> Records for this exercise
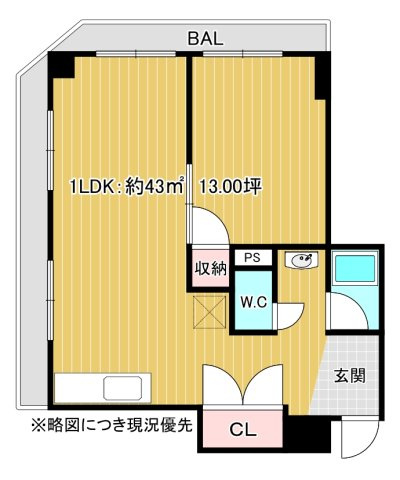おおきに北堀江サニーアパートメント3階の間取り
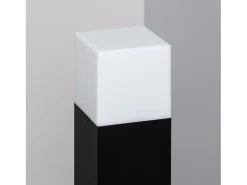 Baliza Exterior Superficie Pie 74cm con Detector de Movimiento Augusta Negra Negro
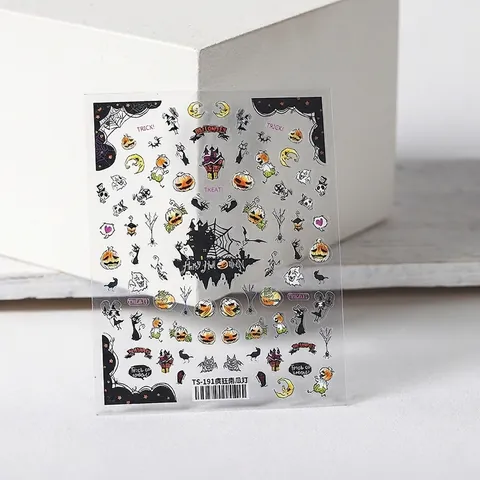 Halloween Nagelaufkleber Ultradünne Selbstklebende Abziehbilder Kürbis Geist Fledermaus Schloss Festliche DIY Maniküre Dekoration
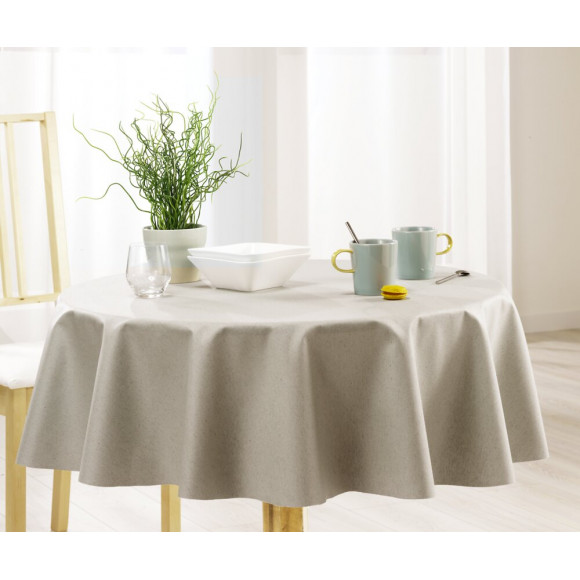 Nappe lin coton ecru ovale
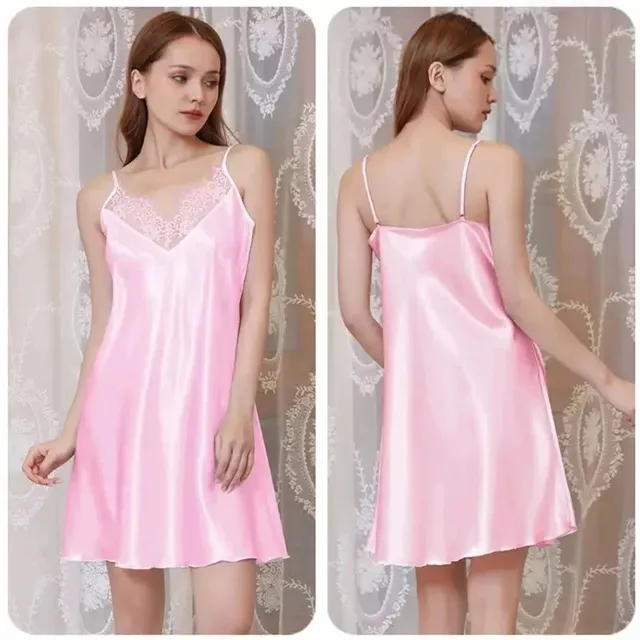 Silk Slip Dress Lace Trim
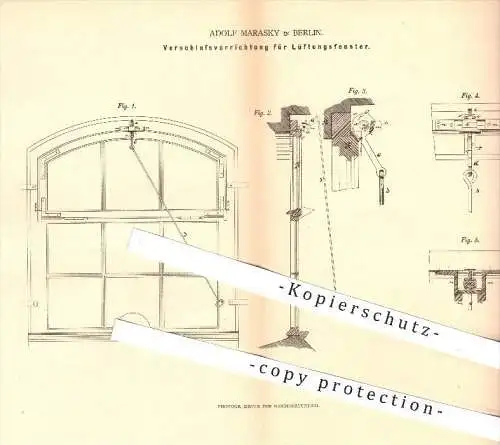 original Patent - Adolf Marasky in Berlin , 1879 , Verschluss für Lüftungsfenster , Fenster , Fensterbau , Hochbau , Bau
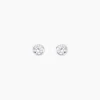 Hot Histoire d'Or Boucles D'oreilles Puces Elda Serti Clos Or Blanc Oxyde De Zirconium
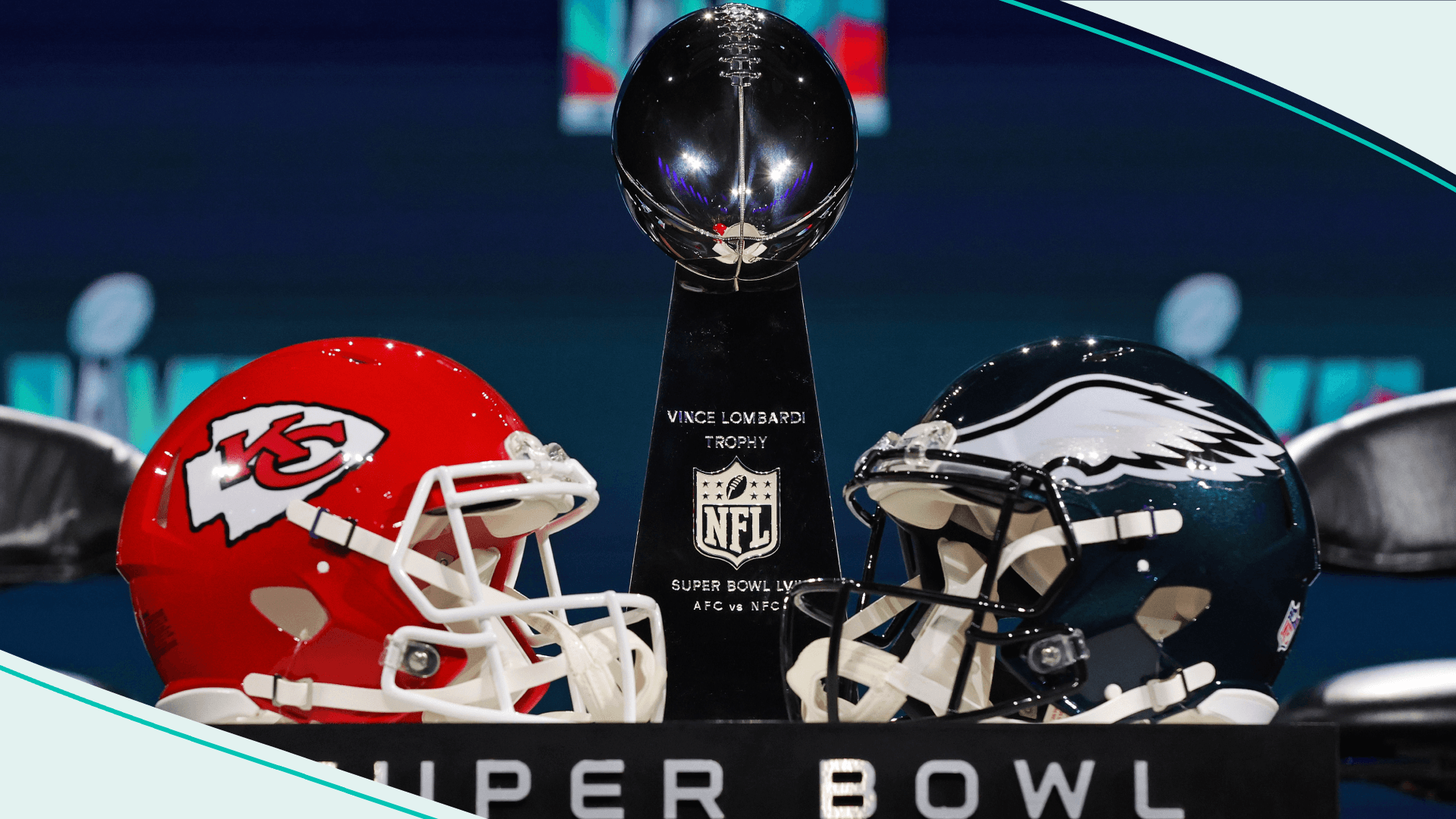 Football helmets for the Chiefs and Eagles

> Instructions to follow
All entries must come back exactly as written, though without their pictures.

> Exercise answer
おおきに北堀江サニーアパートメント3階の間取り
 Baliza Exterior Superficie Pie 74cm con Detector de Movimiento Augusta Negra Negro
 Halloween Nagelaufkleber Ultradünne Selbstklebende Abziehbilder Kürbis Geist Fledermaus Schloss Festliche DIY Maniküre Dekoration
 Nappe lin coton ecru ovale
 Silk Slip Dress Lace Trim
 original Patent - Adolf Marasky in Berlin , 1879 , Verschluss für Lüftungsfenster , Fenster , Fensterbau , Hochbau , Bau
 Hot Histoire d'Or Boucles D'oreilles Puces Elda Serti Clos Or Blanc Oxyde De Zirconium
 Football helmets for the Chiefs and Eagles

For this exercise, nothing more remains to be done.